[Opening Entries supplied section]

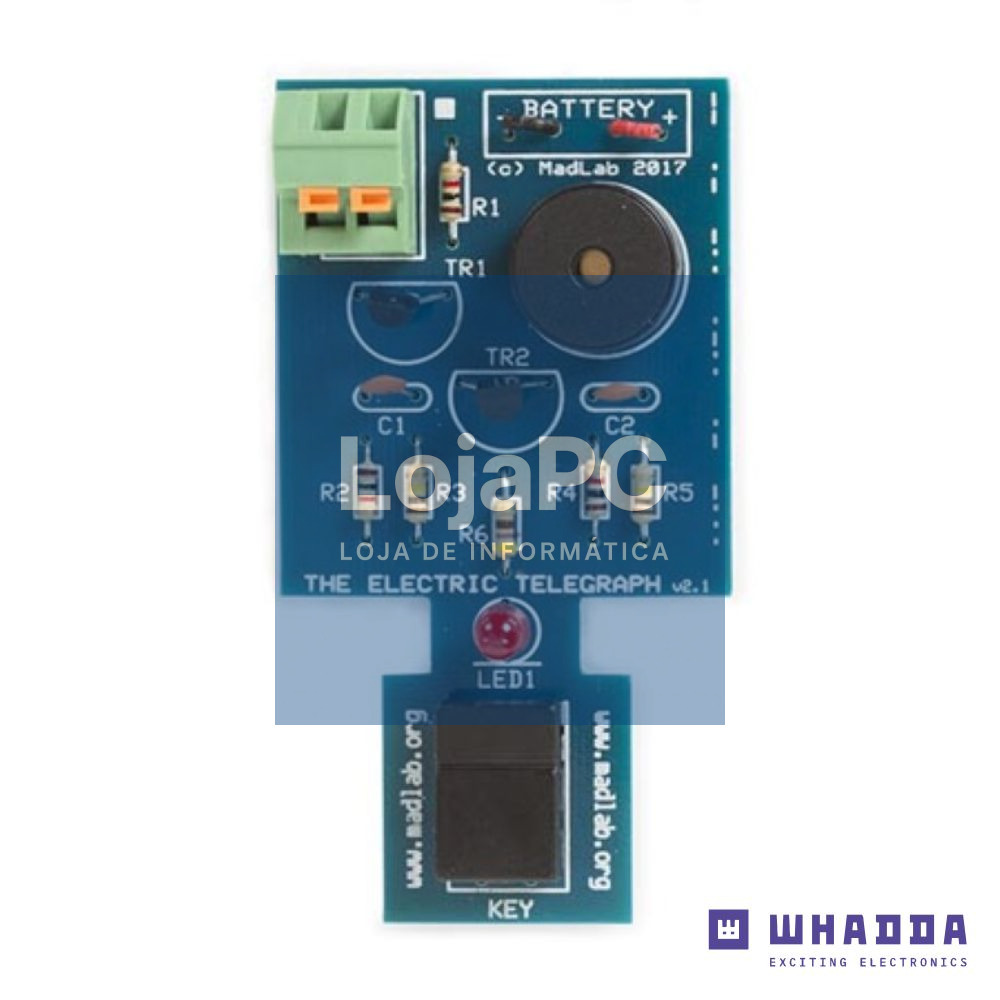 Mini Kit Telégrafo Elétrico MadLab WHADDA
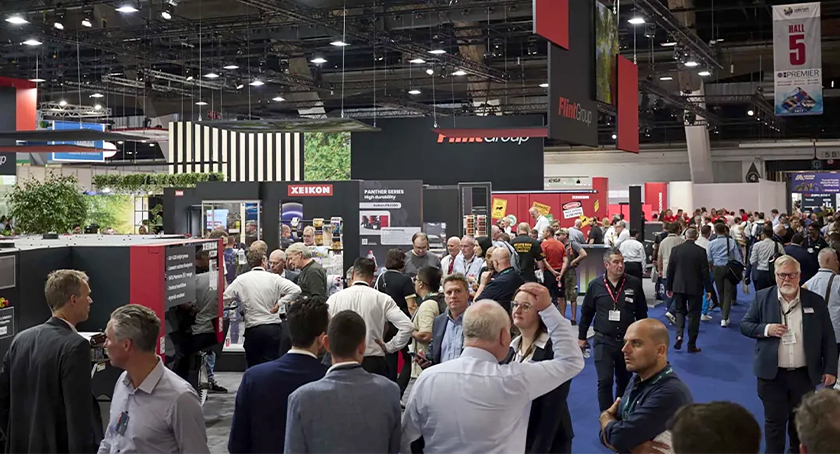 A label and packaging show?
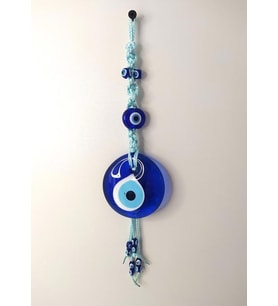 Cam Nazar Kötü Göz Kovucu Hand Made Ağaç Duvar Dekorasyonu Makrome Nazarlık Duvar Ağaç Ev Süsü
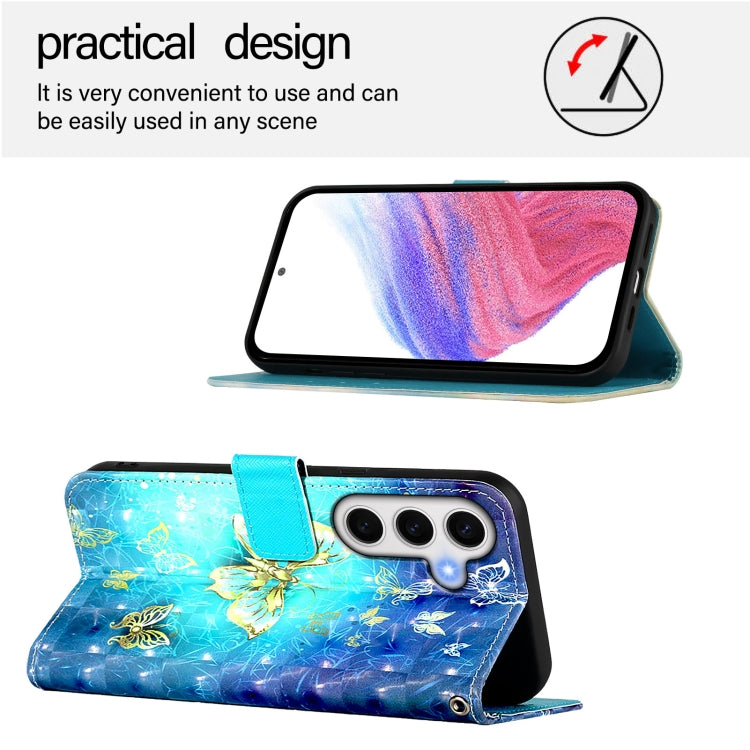 3D Painting Horizontal Flip Leather Phone Case, For Samsung Galaxy S24 FE 5G, For Samsung Galaxy S10e, For Samsung Galaxy S10+, For Samsung Galaxy S10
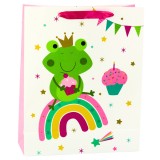 Punga de cadou cu grafica colorata, 32 x 26 x 10 cm, Lean 21596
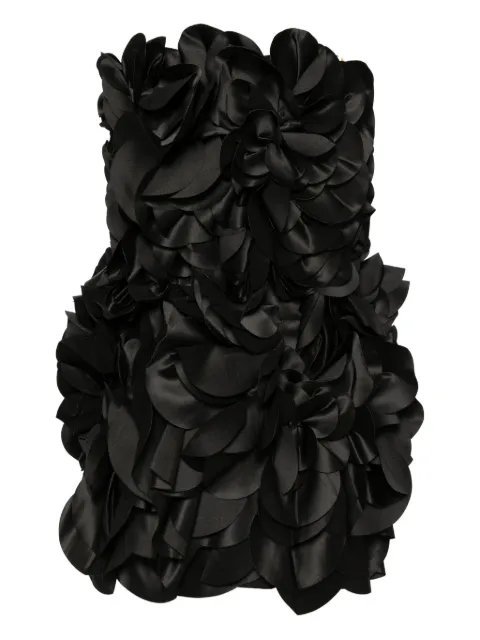 Saiid Kobeisy floral-embellishment mini dress Black RTWSS2501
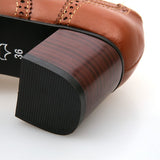 Coachella Festival Boots Mid-Heeled Ankle Boots plus Size Single-Layer Boots Front Lace-up Retro Women's Shoes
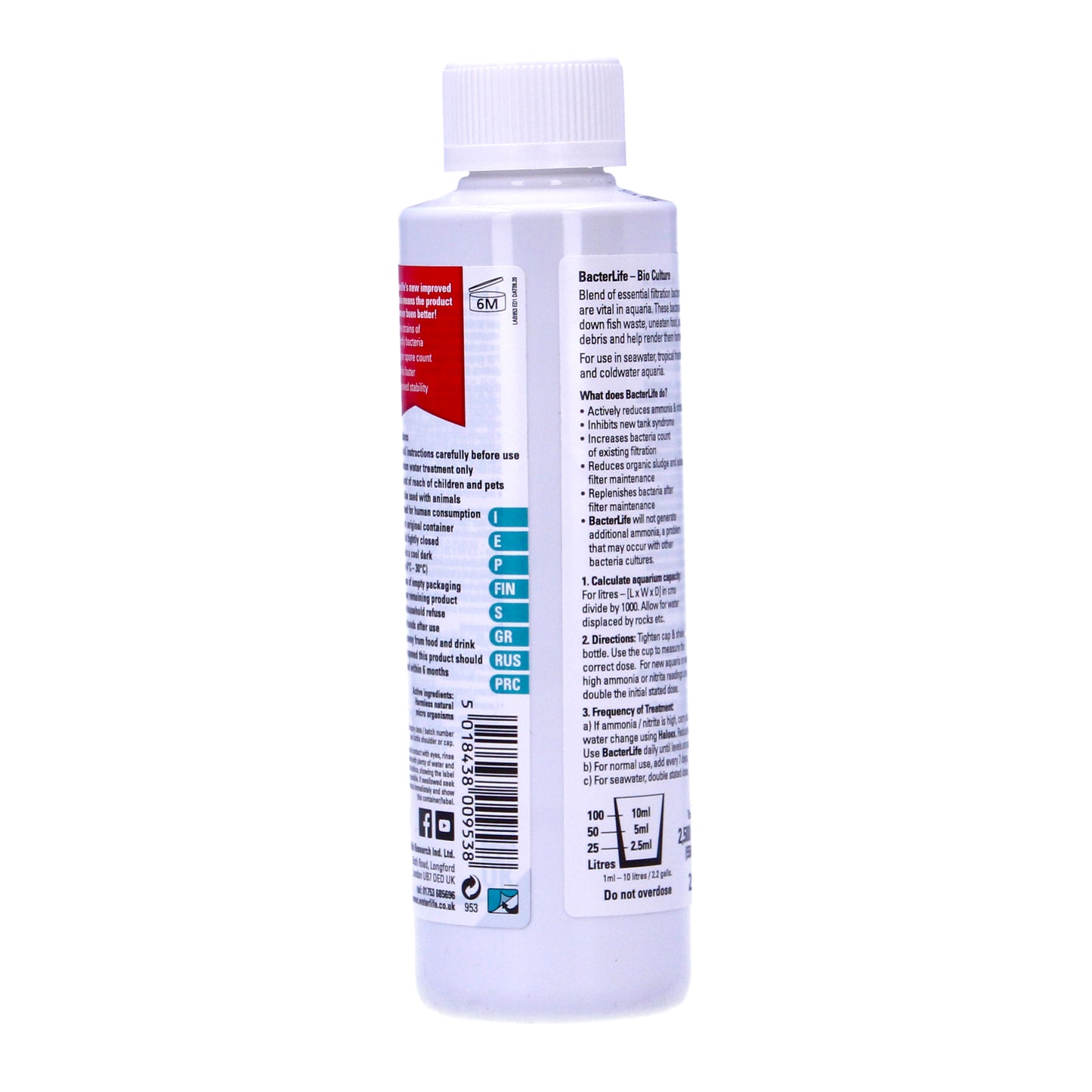 Waterlife Bacterlife - Digests Ammonia & Nitrite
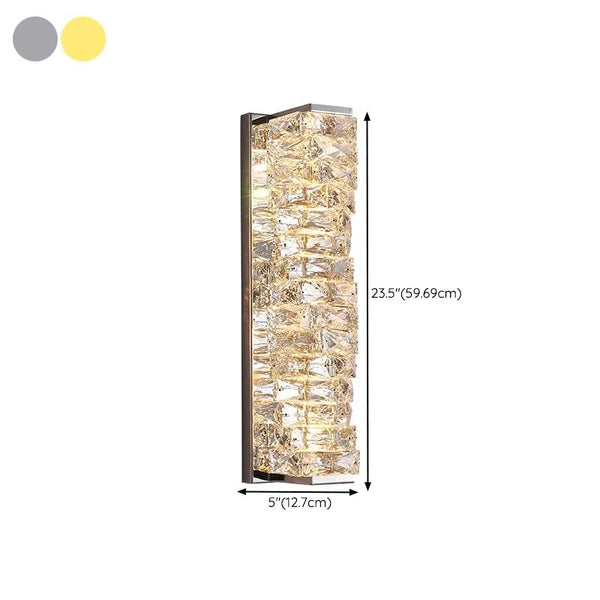 Applique Murale Kristy LED En Métal - Luminaire Rectangulaire Moderne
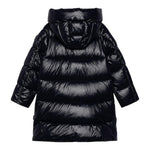 SAVE THE DUCK giubbino tinta unita con zip e cappuccio Nero per Bambina J45510GX NERO SAVE THE DUCK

[Closing Entries supplied section]

Task requirements — Without the pictures, repeat exactly the lines running from the line containing "Coachella Festival Boots" through the end of the data, both ends included.

Exercise response —
 Coachella Festival Boots Mid-Heeled Ankle Boots plus Size Single-Layer Boots Front Lace-up Retro Women's Shoes
 Waterlife Bacterlife - Digests Ammonia & Nitrite
 Applique Murale Kristy LED En Métal - Luminaire Rectangulaire Moderne
 SAVE THE DUCK giubbino tinta unita con zip e cappuccio Nero per Bambina J45510GX NERO SAVE THE DUCK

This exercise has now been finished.